# Replacing shocks



## kobold (Jan 5, 2019)

Hello guys,
I want to replace front and rear shocks.
Can you confirm, that the Koni red shocks are o.k. ? (rear: 8040 1088, front: 8040 1087)

Which parts do I need also ? (washer, grommets ....?)
Rear shocks replacement should be easy, what's about the front shocks ?
Do you have a tutorial or some hints?
regards: Peter


----------



## PontiacJim (Dec 29, 2012)

kobold said:


> Hello guys,
> I want to replace front and rear shocks.
> Can you confirm, that the Koni red shocks are o.k. ? (rear: 8040 1088, front: 8040 1087)
> 
> ...


Can't help you with the brand, Koni, as I have not used them. Brand choice is up to you. I personally would not get anything that is an adjustable type shock - I just don't see any need.

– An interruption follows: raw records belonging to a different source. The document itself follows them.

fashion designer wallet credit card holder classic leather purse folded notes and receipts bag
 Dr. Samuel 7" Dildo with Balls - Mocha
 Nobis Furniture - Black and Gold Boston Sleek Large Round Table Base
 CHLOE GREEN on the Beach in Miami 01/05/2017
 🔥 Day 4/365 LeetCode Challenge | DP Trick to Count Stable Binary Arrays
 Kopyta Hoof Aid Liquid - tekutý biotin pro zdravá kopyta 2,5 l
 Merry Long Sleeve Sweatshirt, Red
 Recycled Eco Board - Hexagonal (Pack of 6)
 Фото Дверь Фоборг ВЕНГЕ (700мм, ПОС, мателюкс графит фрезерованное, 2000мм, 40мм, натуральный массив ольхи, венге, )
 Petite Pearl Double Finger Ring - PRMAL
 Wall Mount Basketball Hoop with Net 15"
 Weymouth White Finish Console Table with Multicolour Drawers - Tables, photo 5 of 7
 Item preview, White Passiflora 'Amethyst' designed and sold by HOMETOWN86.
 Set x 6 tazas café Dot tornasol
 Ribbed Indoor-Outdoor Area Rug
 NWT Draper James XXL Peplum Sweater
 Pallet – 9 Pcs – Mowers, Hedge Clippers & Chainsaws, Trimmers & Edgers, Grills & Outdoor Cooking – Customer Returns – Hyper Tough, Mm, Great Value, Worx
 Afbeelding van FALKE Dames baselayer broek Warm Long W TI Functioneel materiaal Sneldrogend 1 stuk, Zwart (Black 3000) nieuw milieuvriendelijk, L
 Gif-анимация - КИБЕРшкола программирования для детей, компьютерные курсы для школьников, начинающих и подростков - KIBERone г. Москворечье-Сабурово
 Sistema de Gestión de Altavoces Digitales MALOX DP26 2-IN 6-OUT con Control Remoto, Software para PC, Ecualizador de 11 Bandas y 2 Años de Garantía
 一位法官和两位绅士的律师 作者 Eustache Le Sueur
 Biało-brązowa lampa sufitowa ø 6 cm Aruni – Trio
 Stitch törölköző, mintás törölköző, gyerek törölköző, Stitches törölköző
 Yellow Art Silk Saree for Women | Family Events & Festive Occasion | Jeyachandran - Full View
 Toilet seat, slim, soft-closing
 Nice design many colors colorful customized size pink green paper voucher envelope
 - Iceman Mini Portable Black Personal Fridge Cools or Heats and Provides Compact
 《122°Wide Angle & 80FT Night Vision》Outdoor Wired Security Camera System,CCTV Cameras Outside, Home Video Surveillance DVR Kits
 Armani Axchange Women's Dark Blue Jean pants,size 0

When you receive the shocks, they generally have all the parts needed. The rear shocks should be assembled with the rubber bushings and you bolt them on. The front shocks should have the rubber grommets, metal washers for the grommets, and new nuts.

Intallation should be straight forward. The Chassis Manual should have drawings in the suspension section. Front shocks go in from under the lower A-frame and up through the hole in the frame. Use an adjustable wrench on the top of the front shock once you get the new nut started and down far enough where you can grap the top part with the adjustable - it is flat on each side so the adjustable, or even a small open end wrench will hold it from spinning as you tighten the nut down snug.


----------



## Baaad65 (Aug 29, 2019)

I've had KYB Gas Adjust (the silver ones)for 5 years and they seem pretty good with good reviews and the prices are good too 👍


----------



## O52 (Jan 27, 2019)

Bilsteins!


----------



## armyadarkness (Dec 7, 2020)

O52 said:


> Bilsteins!


I second the _motion._


----------



## kobold (Jan 5, 2019)

Thanks for your replies.
I get some new Koni front shocks (nearly for free) and think about buying the rear shocks from Koni, too.


----------



## Jetzster (Jan 18, 2020)

O52 said:


> Bilsteins!





armyadarkness said:


> I second the _motion._


I think Bilsteins are the winner!
Peter sometimes you get whcha pay for😏
I have used some shocks that end up
eventually Being useless In short order
Maybe Koni is ok thou, one way to find out
But Bilsteins have never had a bad report


----------



## goat671 (Apr 13, 2019)

I am running Koni


----------



## O52 (Jan 27, 2019)

IMHO Koni's are an excellent shock if price isn't a consideration and for someone who wants to fine tune their suspension. 
Bilsteins are almost as good but are an excellent choice for the enthusiast who doesn't need the fine tuning a Koni provides.
KYB was at one time a very good, inexpensive shock. But since moving production to Mexico a few years ago, their quality has suffered.


----------



## ylwgto (Oct 27, 2009)

When I redid my suspension I got KYBs and had 2 failures right out of the box. Maybe bad luck, but twice?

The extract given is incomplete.